My events has a large number of properties (jet1pt, angular distributions, el_pt…)
But, in my TTree i also got a std::vector named jet_pt, this vector contains the p_T of my jets in the event and for my analysis is larger than 5.

Accidentally I trained my BDT with this variable, the fact is the TMVA won’t yell at you since TTree::Draw(“jet_pt”) yields an histogram so the training went on perfectly. The problem arose when I wanted to apply the BDT to my data and then i realized that no naive variable can describe the jet_pt -> TMVA requires float/int.

BUT, the interesting part is once this variable removed, my separation got allot worse, so i started investigating a bit. It appears that when i’m using this “jet_pt” it multiplies my number of events (at least by 5 since this is my cut), both for signal & background. So my initial guess was that for every entry inside the vector it produces another event - so basically multiply the number of events. This multiplication is not straight forward, because if i simply multiply the number of events i’ve got (just duplicate the ntuples) i’m getting the same separation, just with lower errors. What is more interesting is that this variable is ranked the lowest after the BDT finished his training.

So my question is this: how come adding this std::vector to my training, improved my classification by a significant factor? Can this be actually used?

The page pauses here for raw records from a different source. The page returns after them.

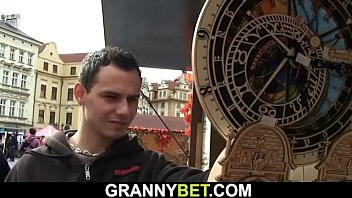 Preview 1 of Rinku Rajguru Xxx Videos - He picks up 70 years old granny tourist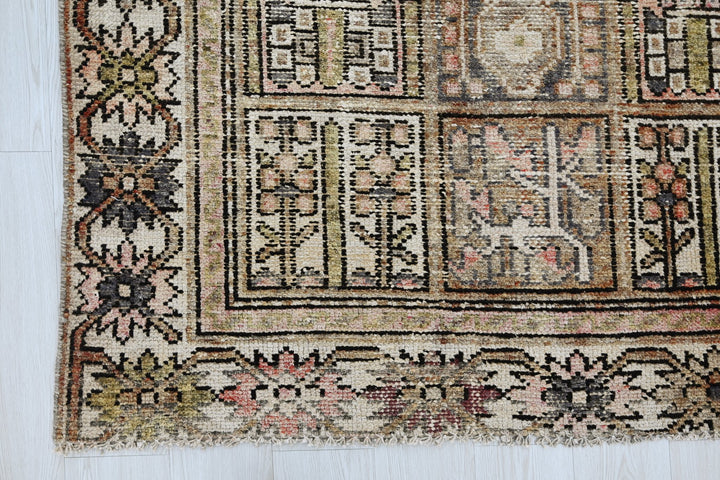brown Medium rug 6' 3" x 9' 2"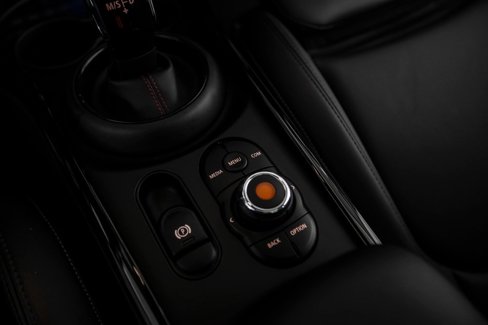 Used 2020 MINI Cooper Clubman S image 30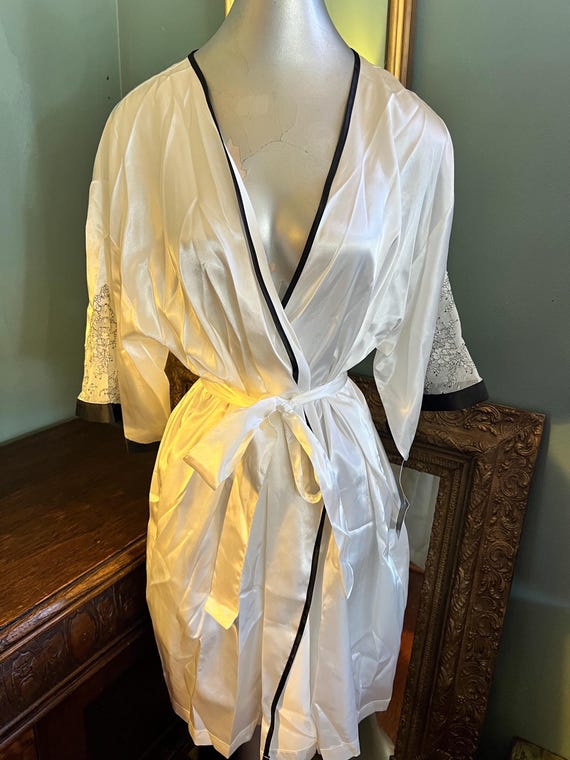 Vintage 1990’s Short White Satin Robe, Size Large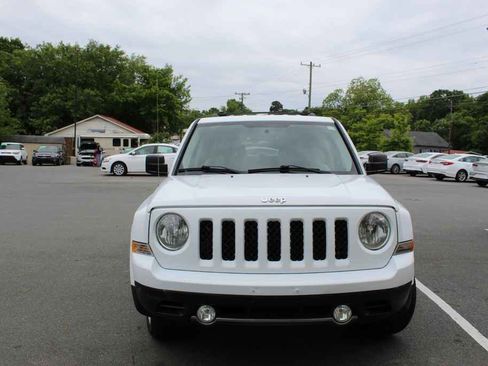 Used 2012 Jeep Patriot Limited FWD image 2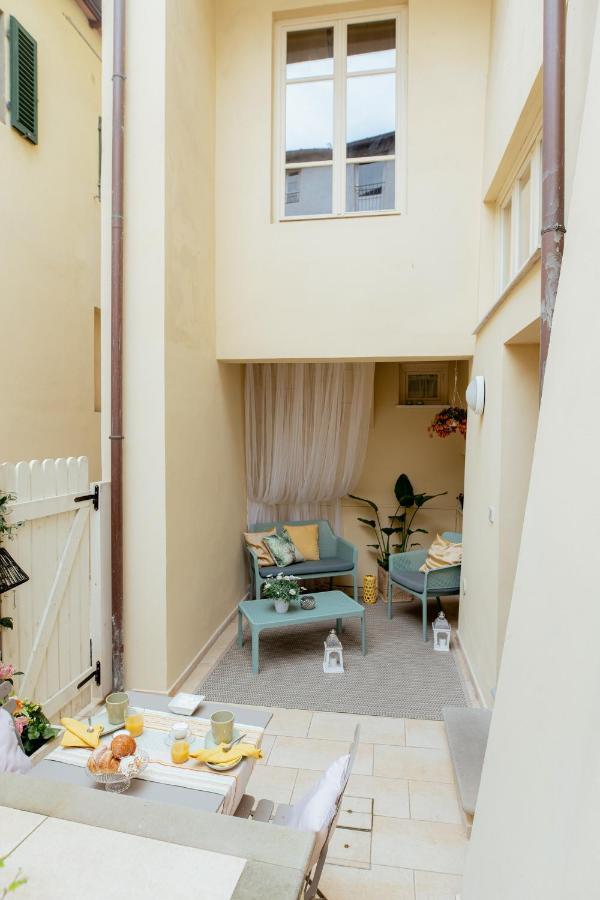 לינה וארוחת בוקר לוקה Il Cortile Di Elisa & Our Flats מראה חיצוני תמונה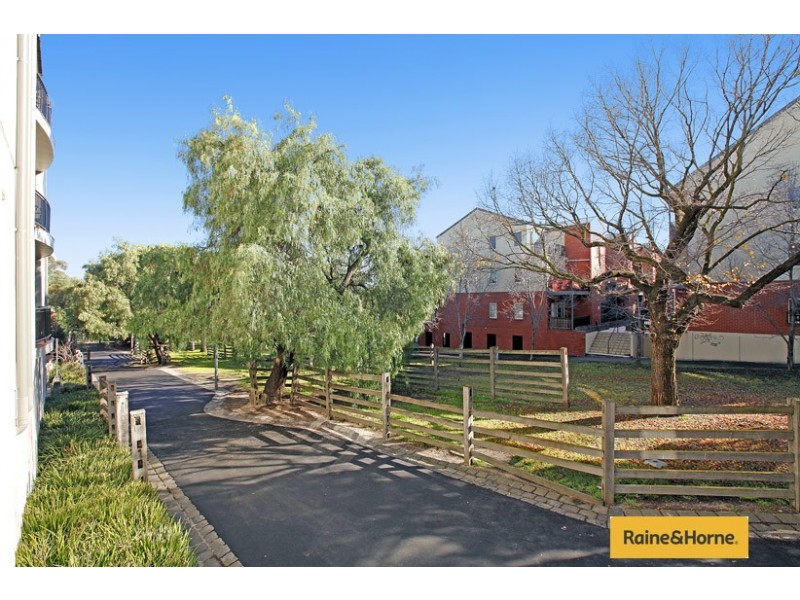 7/2-10 Darcy Lane, Kensington VIC 3031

hcohen · December 23, 2015, 4:07pm

overtrain_BDT0_inclusive_H300_SR64.eps (28.8 KB)
overtrain_BDT8_ttbb_jp_H300_SR64.eps (21.4 KB)

iw273 · October 11, 2018, 11:05am

Hi, did you ever get an answer as to how exactly this works and why this gives an improvement?

kialbert · October 11, 2018, 2:47pm

Hi,

When adding a vector-type variable to TMVA it’s considered to be a collection of data within an event. E.g. the jet_pt in this case would represent each individual jet. To handle this in a generic way, TMVA adds a TMVA::Event for each entry in the vector(s) while keeping the non-vector data constant for that set of events.

E.g. a data point with variables num_jets and jet_pt with values [1, 2] and [[30], [45, 10]] would be added to TMVA as 3 TMVA::Events, namely:

1) [1, 30]
2) [2, 45]
3) [2, 10]

This can lead to problems if the weight normalisation is not done properly. E.g. if you replicate signal events more on average because of your selection than you do background events and do not normalise the class weights the final performance is skewed towards the signal class.

Even if you do per-class normalisation you can still have problems since TMVA currently does not automatically normalise the event weight for replicated events, it is assumed you also provide a vector variable for your weights or have already premultiplied your weights before entering them to TMVA. This can be done quite easily by e.g.

dataloader->SetSignalWeightExpression("weight/num_jets");

Cheers,
Kim

iw273 · October 12, 2018, 8:00am

Hi Kim,

Great, thanks for the explanation.

Ifan